The retrospective forecasts of the extremely active 2005 initialized in January and March were particularly problematic: although the forecast system predicted an active year, it failed to predict the extreme values that occurred. It appears that part of the failure arose from an inability of the dynamical forecast systems to correctly predict the SST indices in 2005, since the statistical emulator using observed SSTs correctly identifies 2005 as the most active year over the 1982–2009 period. The observed counts for 2005 were one of a couple of years outside the 90% confidence interval of the “perfect forecasts” (Fig. 2); it is unclear at this stage if this is an indication of a strong stochastic contribution to the extreme values in 2005 (an option we cannot exclude) or a failure of the statistical emulator in 2005. Further work should explore the elements responsible for the extreme values in 2005.

The forecasting system has been developed for basin-wide hurricane frequency, yet the results of statistical modeling of tropical storm frequency (Villarini et al. 2010) and basin-wide measures that combine intensity and frequency (Swanson 2008; Vecchi et al. 2008) suggest that the procedure developed here could be adapted to these and possibly other quantities in the North Atlantic. Further, Zhao et al. (2010) indicate that a statistical model using two SST indices can successfully describe eastern Pacific hurricane activity in the HiRAM-C180 model, suggesting that a methodology analogous to the current one may be applicable to eastern Pacific seasonal hurricane forecasts. We are currently investigating these and related topics.

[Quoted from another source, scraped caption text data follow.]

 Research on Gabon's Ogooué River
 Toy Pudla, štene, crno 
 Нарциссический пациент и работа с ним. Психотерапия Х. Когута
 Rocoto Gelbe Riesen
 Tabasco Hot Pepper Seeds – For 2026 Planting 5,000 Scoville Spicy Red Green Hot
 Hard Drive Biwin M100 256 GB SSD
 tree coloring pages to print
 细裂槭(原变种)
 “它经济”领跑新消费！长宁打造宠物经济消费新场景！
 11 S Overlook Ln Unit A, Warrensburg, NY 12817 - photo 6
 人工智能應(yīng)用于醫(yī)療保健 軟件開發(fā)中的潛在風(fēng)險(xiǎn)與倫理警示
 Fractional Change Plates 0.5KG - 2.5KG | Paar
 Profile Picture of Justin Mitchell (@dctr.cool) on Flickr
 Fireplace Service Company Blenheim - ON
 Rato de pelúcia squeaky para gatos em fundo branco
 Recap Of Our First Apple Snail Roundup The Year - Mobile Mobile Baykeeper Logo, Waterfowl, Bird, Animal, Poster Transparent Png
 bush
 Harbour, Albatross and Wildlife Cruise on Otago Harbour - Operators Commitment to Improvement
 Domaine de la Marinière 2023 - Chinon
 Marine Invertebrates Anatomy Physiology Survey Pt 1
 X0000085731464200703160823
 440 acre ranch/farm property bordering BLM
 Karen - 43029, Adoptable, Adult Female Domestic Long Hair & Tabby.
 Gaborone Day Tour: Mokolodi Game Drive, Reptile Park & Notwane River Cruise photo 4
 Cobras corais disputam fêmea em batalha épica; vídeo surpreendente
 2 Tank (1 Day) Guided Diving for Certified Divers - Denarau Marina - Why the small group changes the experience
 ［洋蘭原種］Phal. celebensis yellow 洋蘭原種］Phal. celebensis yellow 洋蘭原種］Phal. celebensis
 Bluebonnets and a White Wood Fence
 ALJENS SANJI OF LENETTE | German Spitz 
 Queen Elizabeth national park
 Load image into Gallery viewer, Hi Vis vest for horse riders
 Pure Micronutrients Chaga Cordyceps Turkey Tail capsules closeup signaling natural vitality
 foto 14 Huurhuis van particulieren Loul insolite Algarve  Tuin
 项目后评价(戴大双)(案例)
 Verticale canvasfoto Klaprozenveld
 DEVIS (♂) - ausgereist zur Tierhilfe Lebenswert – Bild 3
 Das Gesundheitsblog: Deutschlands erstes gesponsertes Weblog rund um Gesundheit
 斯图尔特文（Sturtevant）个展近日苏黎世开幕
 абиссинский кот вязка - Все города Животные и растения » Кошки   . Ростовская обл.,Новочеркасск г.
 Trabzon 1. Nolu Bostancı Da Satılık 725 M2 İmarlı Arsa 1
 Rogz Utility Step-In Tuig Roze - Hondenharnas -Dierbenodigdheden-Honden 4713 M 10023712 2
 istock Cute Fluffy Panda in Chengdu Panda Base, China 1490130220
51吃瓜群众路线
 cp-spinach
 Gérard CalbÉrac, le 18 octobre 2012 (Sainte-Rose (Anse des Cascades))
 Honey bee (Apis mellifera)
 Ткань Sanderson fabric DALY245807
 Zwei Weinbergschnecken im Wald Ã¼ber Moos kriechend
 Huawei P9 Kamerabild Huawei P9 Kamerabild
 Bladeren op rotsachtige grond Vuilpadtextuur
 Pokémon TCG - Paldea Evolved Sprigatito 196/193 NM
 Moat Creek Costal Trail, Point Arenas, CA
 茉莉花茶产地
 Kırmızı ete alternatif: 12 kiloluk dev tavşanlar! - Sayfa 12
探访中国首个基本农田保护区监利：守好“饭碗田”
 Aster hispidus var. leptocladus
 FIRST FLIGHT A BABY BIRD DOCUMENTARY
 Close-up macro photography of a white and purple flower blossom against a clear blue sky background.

For the upcoming hurricane season of 2010, this seasonal hurricane forecasting system predicts an above average number of hurricanes (see Table 1); these predictions are quite similar to those from the various predictions with this system initialized since November 2009 (e.g., see Figs. 4a and 4b). The prediction system forecasts that the upcoming season has a higher expected hurricane count than the average over the recent decades, along with a higher probability of an extreme (>10 hurricanes) number of hurricanes. This indicates that it should be more similar to the active years that have dominated the North Atlantic since 1995 than the very inactive season of 2009, and suggests that we should not conclude that (due to the relatively inactive 2006, 2007, and 2009 seasons) the multidecadal period of heightened hurricane frequency has necessarily already abated.

## Acknowledgments

We thank Tom Delworth, Takeshi Doi, Anna Johansson, Tom Knutson, Bill Stern, and Mario Vecchi for comments and suggestions. Gabriele Villarini is funded by the Willis Research Networks. We are grateful to Shian-Jiann Lin and Bruce Wyman for their work developing the HiRAM atmospheric modeling system, to Shaoqing Zhang and You-Soon Chang for their work on the GFDL-CM2.1 assimilation and forecast system, and to the NCEP CFS team.